Y ahora, si no fuera porque Landsman ya no puede mantener la expresión seria, podría muy bien haber un informe enviado a los Archivos Centrales por correo interno, denuncia número 88-7A37548, que dijera que la citada víctima parecía haber recibido un disparo en la cabeza y dos en la espalda a través del mismo agujero de bala.
—No, eh, es una broma —dice al fin—. No sabremos nada con seguridad hasta la autopsia, mañana.
Mira a Pellegrini.
—Eh, Phyllis, voy a dejar que sea el forense quien le dé la vuelta.
Pellegrini esboza una media sonrisa. Lleva siendo Phyllis para su inspector jefe desde aquella larga tarde en la prisión de Rikers Island en Nueva York, cuando la jefa de las guardas se negó a cumplir una orden judicial y entregar la custodia de una presa a dos inspectores de Baltimore porque el reglamento exigía que en la escolta hubiera una mujer. Después de un debate más que suficiente, Landsman agarró a Tom Pellegrini, un italiano fornido nacido en una familia de mineros de carbón de Allegheny, y le puso delante de un empujón.
—Le presento a Phyllis Pellegrini —dijo Landsman, firmando el traspaso del prisionero—, mi compañera.
—¿Cómo está usted? —dijo Pellegrini sin titubear.
—Usted no es una mujer —dijo la guarda.
—Pero lo había sido.
Con las luces estroboscópicas iluminando su pálido rostro, Tom Pellegrini se acerca un paso para contemplar mejor lo que hasta hacía media hora había sido un traficante callejero de veintiséis años. El hombre está tirado de espaldas, con las piernas en la alcantarilla, los brazos parcialmente extendidos y la cabeza hacia el norte, cerca de una casa adosada esquinera. Los ojos, de un marrón oscuro, están fijos bajo los párpados entrecerrados, con esa expresión de vago reconocimiento tan común en los recién fallecidos violentamente. No es una mirada de horror o consternación, ni siquiera de angustia. La mayoría de las veces la última expresión del rostro de un hombre asesinado se parece a la de una colegiala nerviosa que acaba de comprender la lógica de una ecuación sencilla.
—Si aquí no hay nada más —dice Pellegrini—, voy a ir al otro lado de la calle.
—¿Por qué?
—Bueno…
Landsman se acerca y Pellegrini baja la voz, como si sugerir en voz alta que pudiera haber un testigo de ese asesinato, fuera una vergonzante muestra de optimismo.
—Hay una mujer que entró en una casa del otro lado de la calle. Alguien le dijo a uno de los primeros agentes en llegar que estaba fuera cuando empezaron los tiros.
—¿Vio lo que pasó?
—Bien, se supone que le dijo al agente que habían sido tres hombres negros vestidos con ropa oscura.
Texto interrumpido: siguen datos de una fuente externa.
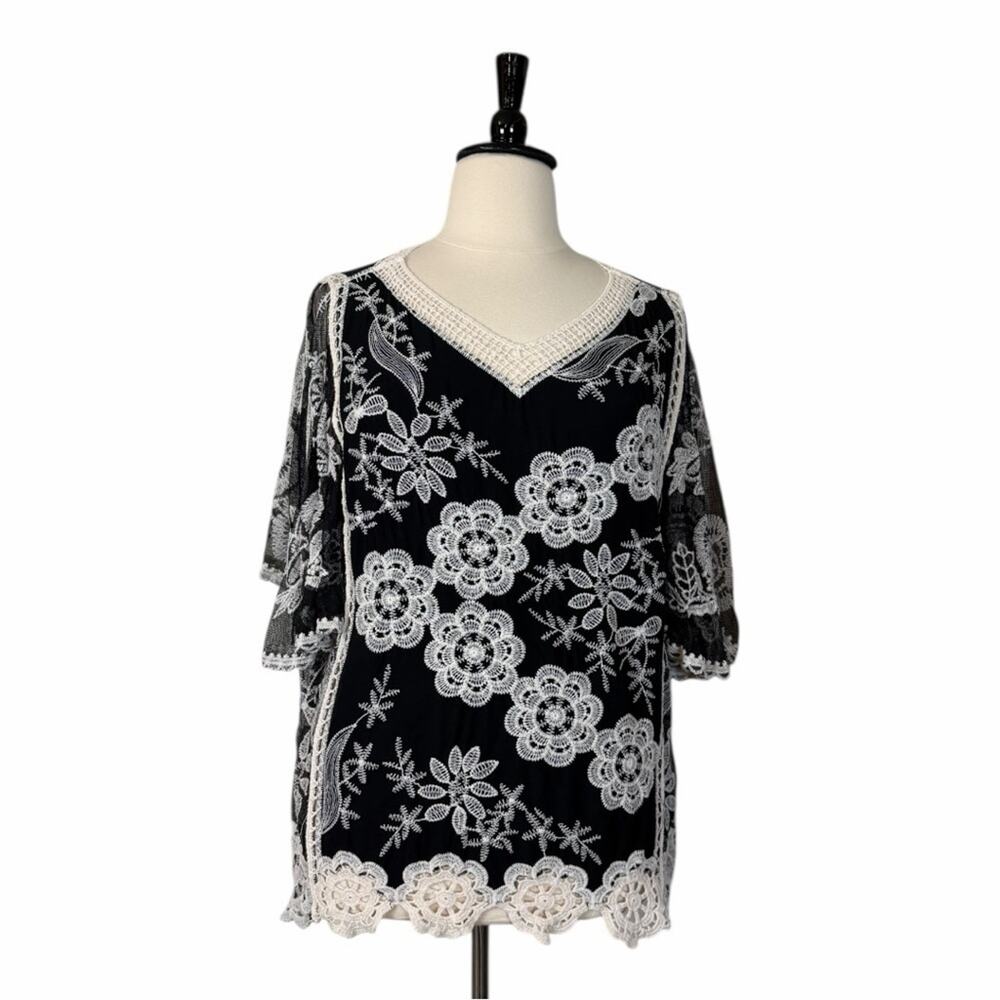 Kindred Lace Embroidered Black Blouse V-Neck Short Sleeve Top Women’s Size 2X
Se marcharon corriendo hacia el norte después de los disparos.
No es mucho, y Pellegrini puede leer los pensamientos de su inspector jefe: tres negros vestidos de negro, una descripción que reduce la lista de sospechosos a la mitad de la población de toda la puta ciudad. Landsman asiente sin mucha convicción, y Pellegrini cruza la calle Gold, caminando con cuidado para evitar las placas de hielo que cubren buena parte de la intersección. A estas alturas ya es primera hora de la mañana, las dos y media, y la temperatura está muy por debajo de cero. Un viento frío golpea al inspector en el centro de la calzada, a pesar de su abrigo. Al otro lado de la calle Etting se han reunido los vecinos para ver qué pasa, hombres jóvenes y adolescentes dejándose ver y esforzándose por captar lo máximo de aquel inesperado espectáculo, todos tratando de ver el rostro del muerto al otro lado de la calle. Se intercambian chistes e historias, pero hasta el más joven de todos ellos sabe cómo desviar la mirada y quedarse callado en cuanto un uniforme le hace una pregunta. No hay ningún buen motivo para comportarse de otra manera, pues en media hora el muerto estará en una mesa para uno, en el pincha y corta del forense, en la calle Penn; los hombres del oeste de la ciudad estarán enfriando el café con sus cucharillas en el 7-Eleven de la calle Monroe, y los traficantes seguirán vendiendo cápsulas azules en este cruce, dejado de la mano de Dios, de Gold y Etting. Nada de lo que se diga ahora va a cambiar eso.